Naturally, and as you should guess, it would be a rare factual circumstance that meets this two-part test.
But there are two (2) other notable exceptions to the rule insulating executives against personal liability for corporate acts.
The Two (2) Cases Where a Corporate Officer Will Be Held Personally Liable for Corporate Acts
Piercing the Corporate Veil
First, and at the risk of stating the obvious, a corporate officer can be held responsible for his bad acts if the corporation is a sham, or his personal alter ego. This exception to the general rule falls within the ambit of the well-known doctrine called piercing the corporate veil. This exception makes an awful lot of sense, because a defendant should not be permitted to benefit from New York's laws that shield corporations if he doesn't abide by the responsibilities that come with the territory of corporate ownership.
But there is also a second exception to this rule that is less known - with regard to the commission of tortious acts - and a New York appeals court summarized this exception rather nicely in North Shore Architectural Stone, Inc. v American Artisan Constr., Inc., on September 27, 2017, stating:
"A director or officer of a corporation does not incur personal liability for its torts merely by reason of his [or her] official character" (Greenway Plaza Off. Park-1 v Metro Constr.

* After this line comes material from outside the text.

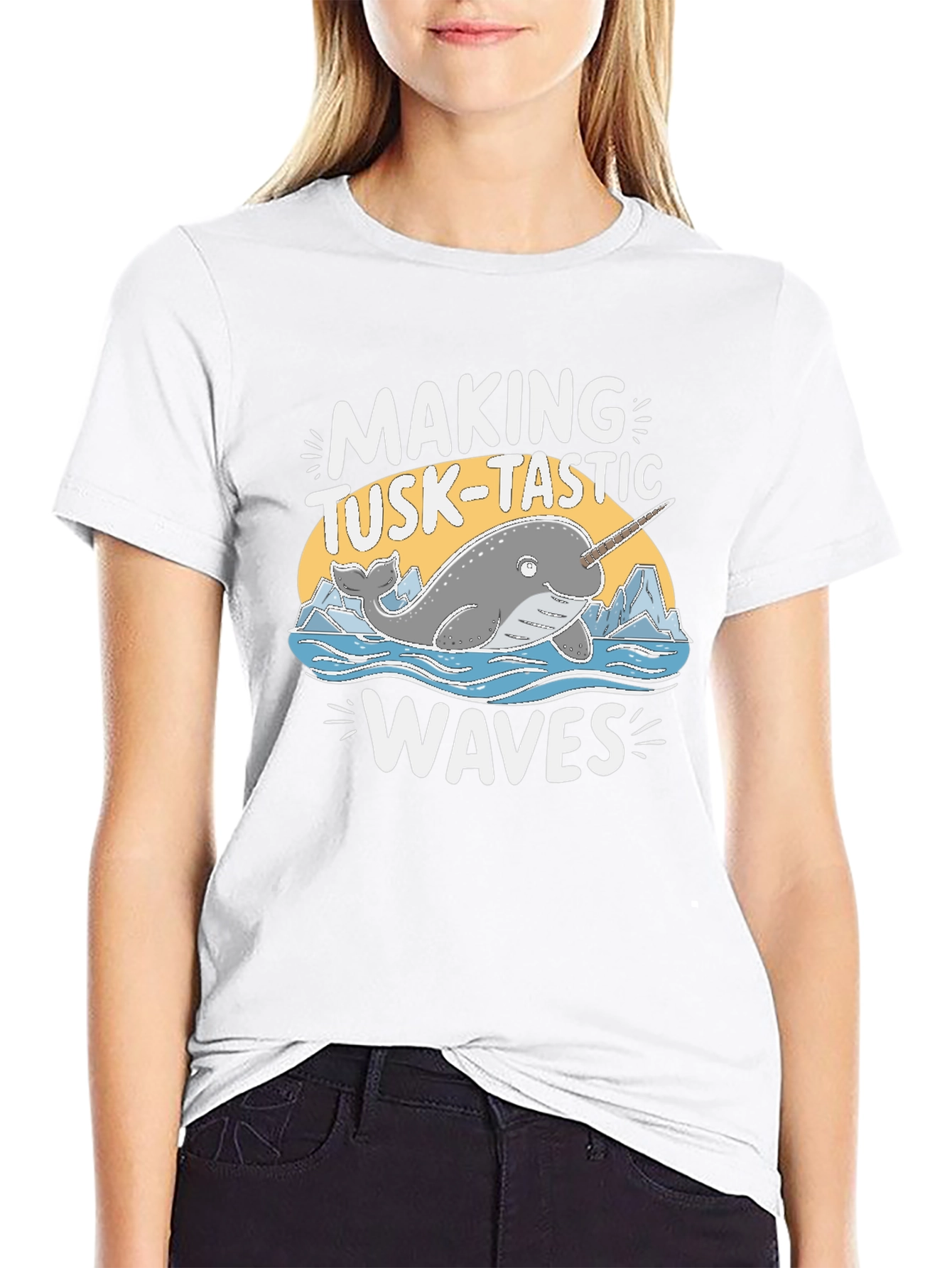 Making Tusk-Tastic Waves Narwhal Graphic T-Shirt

Servs., 4 AD3d 328, 329 [internal quotation marks omitted]), and thus, cannot be liable for torts "attributable to the corporation if he [or she] did not participate in and was not connected with the acts in any manner" (PDK Labs, Inc. v G.M.G. Trans. W. Corp., 101 AD3d 970, 973 [internal quotation marks omitted]).
"However, '[a] corporate officer who participates in the commission of a tort may be held individually liable, regardless of whether the officer acted on behalf of the corporation in the course of official duties and regardless of whether the corporate veil is pierced'" (Rajeev Sindhwani, M.D., PLLC v Coe Bus. Serv., Inc., 52 AD3d 674, 677, quoting American Express Travel Related Servs. Co. v North Atl. Resources, 261 AD2d 310, 311)."